▶ **GOAL OF THE EXERCISE**: How many lines in the data below contain the word "Print"? State only the number.

Recorded data:
__________________________________________________

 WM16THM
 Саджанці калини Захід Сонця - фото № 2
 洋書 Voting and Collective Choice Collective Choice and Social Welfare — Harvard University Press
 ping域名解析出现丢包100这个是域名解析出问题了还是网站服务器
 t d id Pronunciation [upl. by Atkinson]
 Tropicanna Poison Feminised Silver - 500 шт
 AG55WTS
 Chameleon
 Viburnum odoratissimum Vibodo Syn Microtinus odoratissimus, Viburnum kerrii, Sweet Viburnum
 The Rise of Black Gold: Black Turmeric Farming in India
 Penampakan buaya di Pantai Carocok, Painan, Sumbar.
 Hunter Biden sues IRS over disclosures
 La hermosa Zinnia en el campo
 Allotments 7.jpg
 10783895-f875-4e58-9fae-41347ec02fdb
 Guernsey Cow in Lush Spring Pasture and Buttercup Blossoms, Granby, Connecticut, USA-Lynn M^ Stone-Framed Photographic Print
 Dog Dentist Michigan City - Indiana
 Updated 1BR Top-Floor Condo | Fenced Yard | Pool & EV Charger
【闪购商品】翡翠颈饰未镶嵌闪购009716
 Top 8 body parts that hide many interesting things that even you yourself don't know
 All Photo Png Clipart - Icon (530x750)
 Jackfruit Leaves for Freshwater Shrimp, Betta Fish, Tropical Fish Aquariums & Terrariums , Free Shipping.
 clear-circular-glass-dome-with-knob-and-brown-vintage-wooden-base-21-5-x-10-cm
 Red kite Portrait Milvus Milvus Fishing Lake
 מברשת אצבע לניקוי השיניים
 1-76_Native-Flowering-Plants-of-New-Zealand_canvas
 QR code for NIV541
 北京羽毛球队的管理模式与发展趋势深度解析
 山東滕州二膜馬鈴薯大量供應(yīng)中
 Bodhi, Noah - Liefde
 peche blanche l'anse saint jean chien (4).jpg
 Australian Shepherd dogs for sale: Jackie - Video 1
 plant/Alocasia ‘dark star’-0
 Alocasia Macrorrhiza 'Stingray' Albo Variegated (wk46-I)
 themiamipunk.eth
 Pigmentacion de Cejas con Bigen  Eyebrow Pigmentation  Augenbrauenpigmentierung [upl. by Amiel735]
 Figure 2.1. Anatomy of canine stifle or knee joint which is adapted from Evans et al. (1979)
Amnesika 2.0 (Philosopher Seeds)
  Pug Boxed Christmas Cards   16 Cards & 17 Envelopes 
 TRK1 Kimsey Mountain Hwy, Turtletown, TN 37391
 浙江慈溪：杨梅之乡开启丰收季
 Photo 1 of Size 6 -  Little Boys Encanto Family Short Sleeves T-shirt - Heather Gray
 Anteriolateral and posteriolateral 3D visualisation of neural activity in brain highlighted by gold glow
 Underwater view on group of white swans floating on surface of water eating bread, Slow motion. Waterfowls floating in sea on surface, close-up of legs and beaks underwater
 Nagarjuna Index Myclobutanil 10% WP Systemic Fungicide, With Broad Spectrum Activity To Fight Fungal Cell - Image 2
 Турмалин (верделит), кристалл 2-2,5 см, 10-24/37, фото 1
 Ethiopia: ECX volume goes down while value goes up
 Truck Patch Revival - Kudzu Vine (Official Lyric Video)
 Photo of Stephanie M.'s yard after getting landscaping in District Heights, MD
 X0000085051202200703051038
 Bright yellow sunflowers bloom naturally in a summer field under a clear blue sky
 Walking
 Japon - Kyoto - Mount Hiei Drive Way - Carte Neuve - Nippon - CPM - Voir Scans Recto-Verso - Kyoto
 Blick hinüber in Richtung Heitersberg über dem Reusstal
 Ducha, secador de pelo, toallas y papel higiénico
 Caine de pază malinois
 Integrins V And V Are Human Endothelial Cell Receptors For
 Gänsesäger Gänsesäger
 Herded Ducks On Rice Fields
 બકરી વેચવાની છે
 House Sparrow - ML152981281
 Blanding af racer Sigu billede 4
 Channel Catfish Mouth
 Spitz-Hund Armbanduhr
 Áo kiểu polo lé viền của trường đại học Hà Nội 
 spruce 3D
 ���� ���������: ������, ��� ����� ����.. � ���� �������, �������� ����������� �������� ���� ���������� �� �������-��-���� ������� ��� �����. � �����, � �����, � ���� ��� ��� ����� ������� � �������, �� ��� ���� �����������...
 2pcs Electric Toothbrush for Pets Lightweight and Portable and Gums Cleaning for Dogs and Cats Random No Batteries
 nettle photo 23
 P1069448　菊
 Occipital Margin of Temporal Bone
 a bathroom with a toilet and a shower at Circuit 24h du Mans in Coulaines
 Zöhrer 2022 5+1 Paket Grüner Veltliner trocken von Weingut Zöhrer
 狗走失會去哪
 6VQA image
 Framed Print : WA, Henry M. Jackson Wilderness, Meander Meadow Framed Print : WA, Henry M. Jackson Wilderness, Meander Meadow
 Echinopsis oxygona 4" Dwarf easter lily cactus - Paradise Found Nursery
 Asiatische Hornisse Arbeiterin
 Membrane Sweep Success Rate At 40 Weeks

__________________________________________________

▶ **WORKED SOLUTION**: 2